AVAILABLE DATA:
----
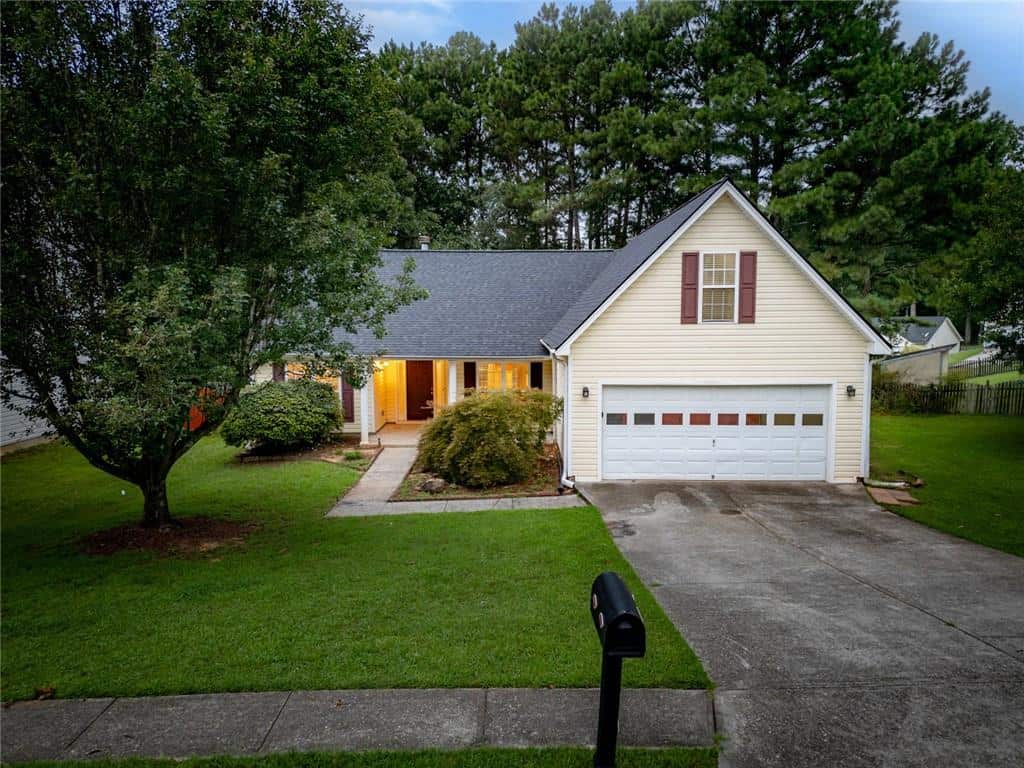 Listing photo 1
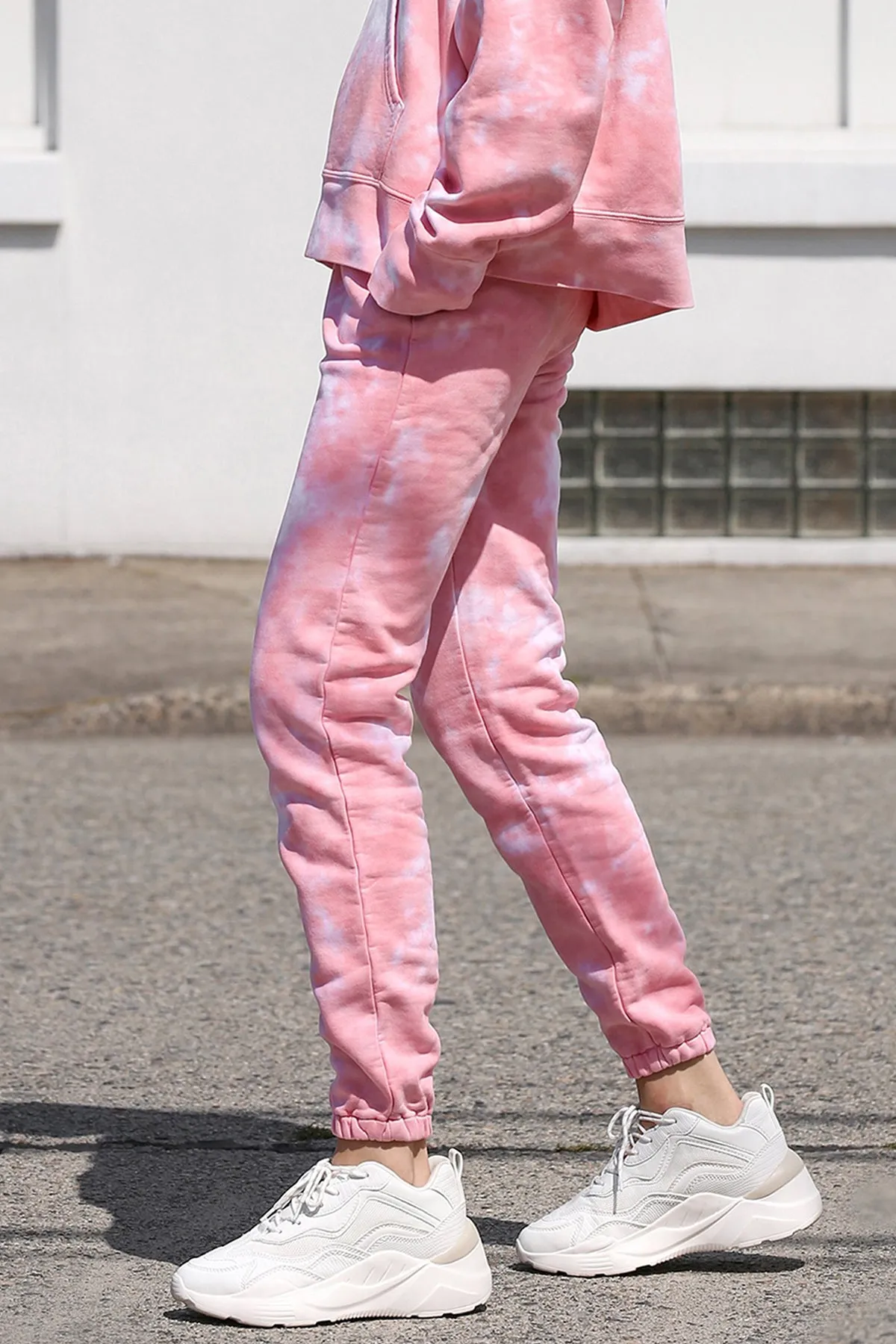 The "BRUNETTE HEARTS JUICY" Best Friend Pink Marble Tie-Dye Jogger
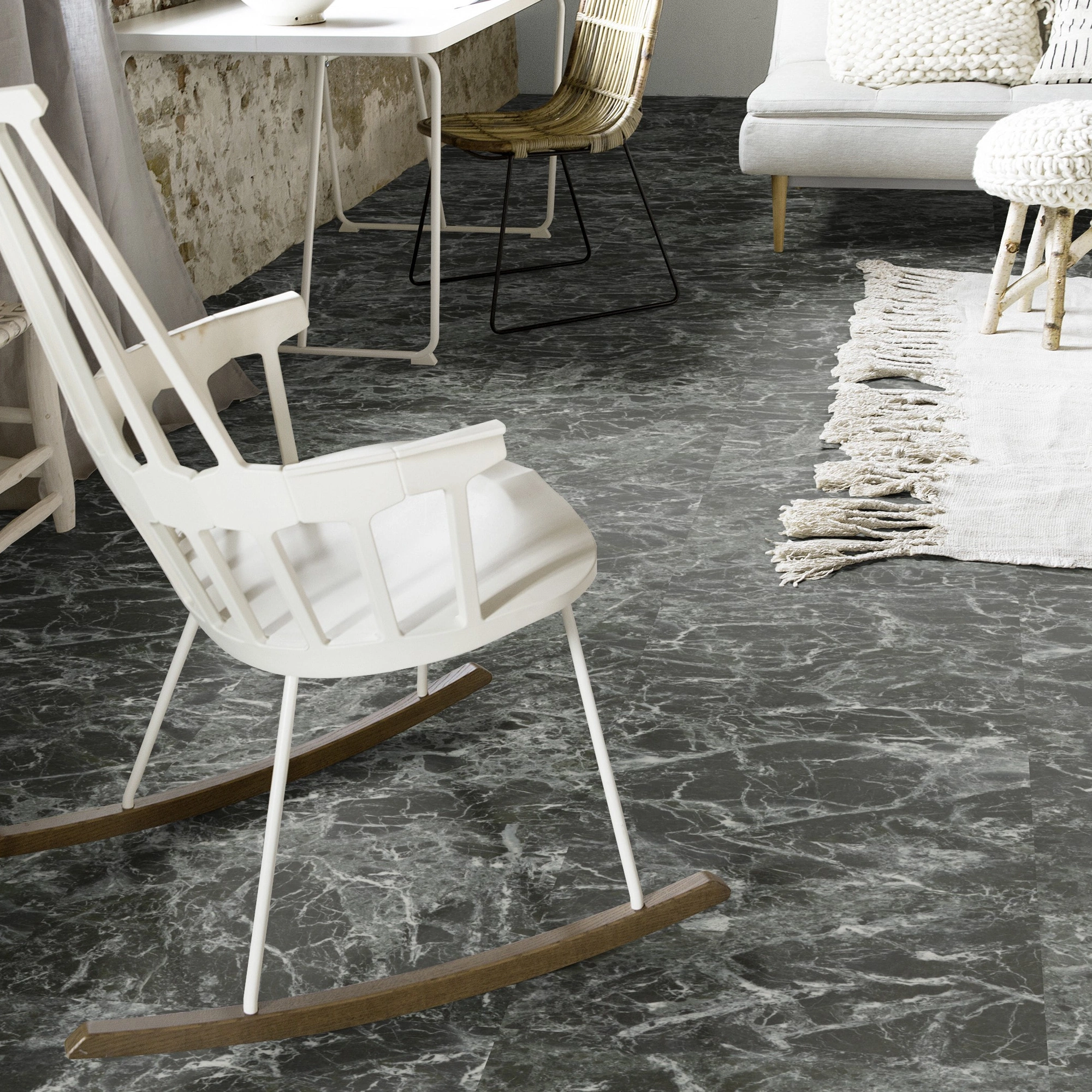 Milieubild Wohnzimmer mit Schaukelstuhl im skandinavischen Stil - Forbo Flooring Klebe-Vinyl Allura Dryback 0.55 Material Forest Marble Milieubild Wohnzimmer mit Schaukelstuhl im skandinavischen Stil - Forbo Flooring 243646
----
ACTION ITEM: Retype verbatim only the lines beginning with the line that contains "Marble Tie-Dye Jogger" and ending with the last line of the listing above; pictures are to be excluded.

RESULT OF THIS EXERCISE:
 The "BRUNETTE HEARTS JUICY" Best Friend Pink Marble Tie-Dye Jogger
 Milieubild Wohnzimmer mit Schaukelstuhl im skandinavischen Stil - Forbo Flooring Klebe-Vinyl Allura Dryback 0.55 Material Forest Marble Milieubild Wohnzimmer mit Schaukelstuhl im skandinavischen Stil - Forbo Flooring 243646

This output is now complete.